Ri Insights

On the Issue of Khor Abdullah

Hamad picBy Hamad Al Thunayyan

Rai Insights Contributor

Washington D.C.: About a month ago, a political storm spurred in Iraq in response to the signed maritime agreement, between Kuwait and Baghdad, regulating navigation in the shared Khor Abdullah waterway.  Several Iraqi parliament members voiced their opposition to the agreement and accused the Abadi-led government of selling Khor Abdullah to Kuwait.  One parliament member, Awatef Neema, went further by claiming that Kuwait is a part of Iraq, and the Iraqi government should not be held accountable to any “international resolutions made by the former reckless Baathist regime”.  Moreover, just recently, the Iraqi parliament formed a temporary committee to consider the Khor Abdullah issue.

While this sudden outburst over Khor Abdullah by some Iraqi parliament members ensued for domestic political consumption, Iraqi lawmakers must understand that invoking the territorial integrity of Kuwait in their internal political squabbling is not constructive for the relations between the two countries.

First, the maritime deal was made in accordance with United Nations resolution 833.  This resolution explicitly notes that the 1993 formed international demarcation commission task was not to reallocate territory between Kuwait and Iraq.  The commission demarcated the Kuwaiti-Iraqi borders for the first time based on the 1963 agreement between Kuwait and Baghdad.  The two countries signed an agreement on how to coordinate the use of Khor Abdullah in 2012.

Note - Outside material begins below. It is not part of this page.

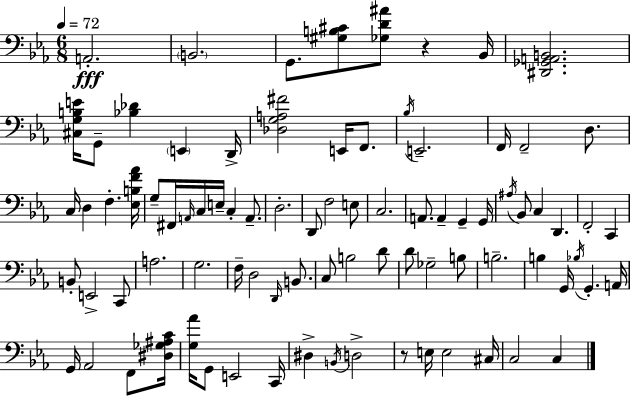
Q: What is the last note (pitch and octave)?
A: C3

While Kuwait acknowledges that the Iraqi government made a sensible decision by adhering to its international commitments and signing the maritime agreement over Khor Abdullah, many are wary of the hawkish voices in the Iraqi parliament.  The rhetoric used by some lawmakers today is similar to that used by the deceased Baathist regime of Saddam Hussein.  If Iraq reneges on its international obligations toward Kuwait, then this action would be considered a threat to international peace and security.  There is no doubt the Kuwaiti government will resort to the United Nations and use all feasible means in this case to protect Kuwait’s territorial sovereignty.  This will ultimately reset Kuwait-Iraq relations back to square one.

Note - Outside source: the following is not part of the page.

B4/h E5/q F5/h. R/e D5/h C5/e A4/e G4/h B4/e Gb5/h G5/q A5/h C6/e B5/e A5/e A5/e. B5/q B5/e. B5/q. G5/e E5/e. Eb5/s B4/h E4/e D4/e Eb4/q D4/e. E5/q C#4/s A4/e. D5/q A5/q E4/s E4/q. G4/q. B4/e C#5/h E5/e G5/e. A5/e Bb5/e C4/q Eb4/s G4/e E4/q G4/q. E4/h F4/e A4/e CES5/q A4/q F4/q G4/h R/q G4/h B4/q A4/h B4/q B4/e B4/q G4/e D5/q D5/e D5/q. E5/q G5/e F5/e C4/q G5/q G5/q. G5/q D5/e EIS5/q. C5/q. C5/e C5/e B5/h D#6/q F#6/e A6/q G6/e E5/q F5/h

My view is that calls from some Iraqi lawmakers to withdraw from international agreements made under previous administration should be alarming to all of Iraq’s neighbors and the wider international community.  They basically say that all international agreements made by Iraq before 2003 could be null because the Baathist regime ruled them.  Now, no one would be able to predict the actions of those reckless Iraqi lawmakers if they were to be in control of the government.  They might use the same argument in the future to dispute their borders with another neighbor, or perhaps even revoke Iraq’s signature on the Treaty on the Nonproliferation of Nuclear Weapons.  This is not how international relations works.

Second, this reckless notion that Kuwait should give up Khor Abdullah to Iraq ignores the collective memories of Kuwaitis toward the Iraqi state.  The 1990 Iraqi invasion still lingers in the memories of many Kuwaitis.  They still remember how Kuwait’s institutions fell within hours, and their country was declared the 19th province of Iraq after the Iraqi army invaded Kuwait and bombarded the capital, under the orders of the ousted leader Saddam Hussein.  Kuwaitis still rejoice the moment their country was liberated in 1991, assisted by the largest military coalition ever assembled, when led by the United States.  Kuwaitis know what it feels to lose their country and loved ones.  They learned a valuable lesson.  Not surprisingly, the Kuwaiti parliament members called for a closed session to discuss Khor Abdullah, and they will exert more pressure on the Kuwaiti government if the issue remains unresolved in Iraq.

Despite the bloody memories of 1990, Kuwait opened a new cooperative chapter with the consecutive Iraqi administration after the United States militarily toppled the regime of Saddam Hussein in 2003.  Many Western and Asian diplomats praise Kuwait for taking the lead in engaging with Iraq.  Kuwait’s Amir was one of the few Arab leaders, and the only GCC leader, who attended the 2012 Arab League summit in the unsafe Baghdad capital as a show of solidarity to the Iraqi government.  Kuwait provided the Iraqi government with more than $376 million worth of humanitarian aid, and the aid keeps flowing to Iraq till this day to support them in their fight against ISIS.  Also there are ongoing talks for Kuwait to host an international donors conference for Iraq in the foreseeable future.

After the recent incident, however, several Kuwaiti politicians expressed their concern over future relations with Iraq.  They feel some Iraqi politicians cannot be trusted.  And the blood-stained past adds insult to injury.  Indeed, it is critical for Iraqi lawmakers to keep Kuwaiti-Iraqi relations above their domestic politics.


*Hamad AlThunayyan is a PhD Researcher in Political Science at University of Maryland- College Park. He earned his BA in Political Science from Virginia Commonwealth University and MA in International Relations from American University – Washington, DC. He specializes in Gulf security, Iran, and U.S. foreign policy in the Middle East.